Respektlose Bestrafungen
Berlin: Anzeige gegen Anti-PDS-Demonstranten
Moritz Schwarz

Die Berliner Polizei hat gegen die drei Demonstranten Anzeige erstattet, die am Montag letzter Woche während der Gedenkfeier für die Opfer des Volksaufstandes vom 17. Juni 1953 vor der Gedenkstätte auf dem Friedhof Seestraße gegen die Berliner rot-rote Koalition und die Teilnahme von PDS- und SPD-Politikern an der Veranstaltung protestiert hatten.

Nach Aussage eines der drei Demonstranten gegenüber der JUNGEN FREIHEIT hat die Polizei das Ende der Veranstaltung und den Abzug der Presse abgewartet, um dann die Demonstranten - zwei von ihnen ehemalige politische DDR-Häftlinge - mit einer Anzeige zu "bestrafen". Nach Angaben des Teilnehmers Alexander Bauersfeld vom "Arbeitskreis der ehemaligen DDR-Häftlinge in der Evangelischen Kirche", hatte die Polizei sich zunächst erkundigt, ob man einen friedlichen Verlauf der Demonstration garantieren könne.

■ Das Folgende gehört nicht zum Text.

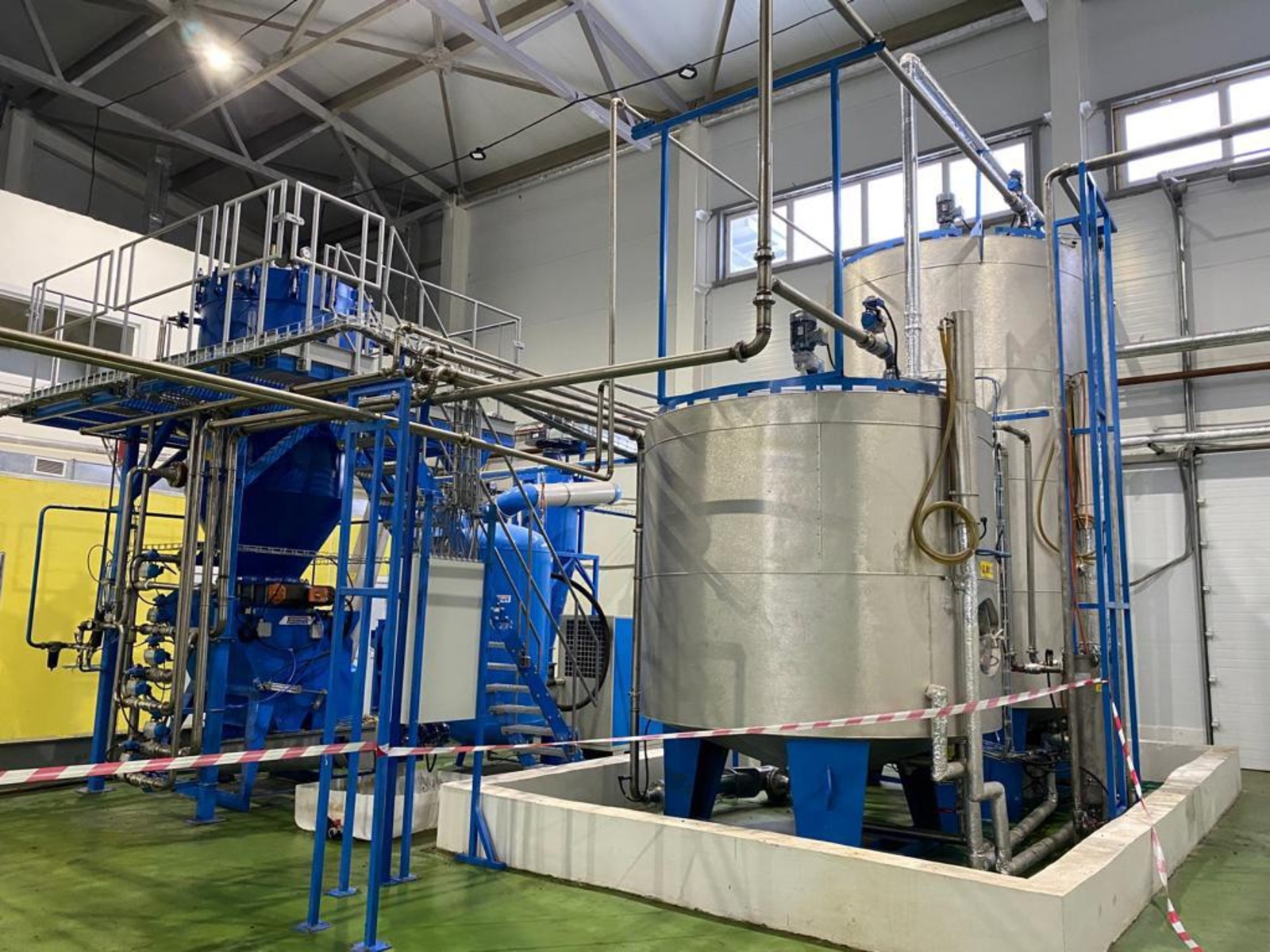 Новый завод в Башкирии будет производить более 10 тыс. тонн растительного масла в год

Als dies zugesichert worden war, verzichteten die Ordnungshüter auf einen Platzverweis, erstatten aber dennnoch im Anschluß Anzeige. "Dabei haben wir den Friedhof aus Respekt vor den Toten des 17. Juni nicht betreten und auch nicht eigenmächtig die Kränze der anwesenden PDS/SED-Vertreter entfernt", so Bauersfeld gegenüber der JUNGEN FREIHEIT. "Das war eine spontane Demonstration. Wir waren lediglich drei Personen."

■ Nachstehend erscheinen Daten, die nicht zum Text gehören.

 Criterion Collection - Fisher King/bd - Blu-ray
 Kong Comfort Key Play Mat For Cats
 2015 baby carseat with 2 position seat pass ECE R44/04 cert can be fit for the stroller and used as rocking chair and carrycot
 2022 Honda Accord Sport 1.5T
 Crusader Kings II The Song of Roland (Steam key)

Die Pressestelle der Berliner Polizei glaubt dagegen nicht an eine spontane Veranstaltung, dagegen sprächen die vorbereiteten Transparente. Diese waren allerdings für eine zuvor am Steinplatz abgehaltene Kundgebung der Opferverbände mitgeführt worden. "Ab drei Personen handelt es sich um eine anmeldepflichtige Demonstration", so ein Polizeisprecher gegenüber dieser Zeitung. "Eine rechtzeitige Anmeldung ist aber nicht erfolgt. Es geht also nicht um die Demonstration als solche, sondern um den Verstoß gegen die Anmeldepflicht. Die Beamten sind gehalten, diesen zu ahnden und haben keinen Ermessensspielraum."

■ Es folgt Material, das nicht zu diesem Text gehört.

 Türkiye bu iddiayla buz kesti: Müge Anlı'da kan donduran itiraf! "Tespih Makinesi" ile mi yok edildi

Manfred Plöckinger, Veteran des 17. Juni und Vorsitzender des Opfer- und Interessenverbandes "Vereinigung 17. Juni" kommentierte gegenüber der JUNGEN FREIHEIT das Vorgehen der Polizei mit den Worten: "Gerade hatten wir aus dem Munde des Innenministers etwas vom spontanen Mut der Aufständischen des 17. Juni gehört. Den 17. Juni haben wir auch nicht angemeldet."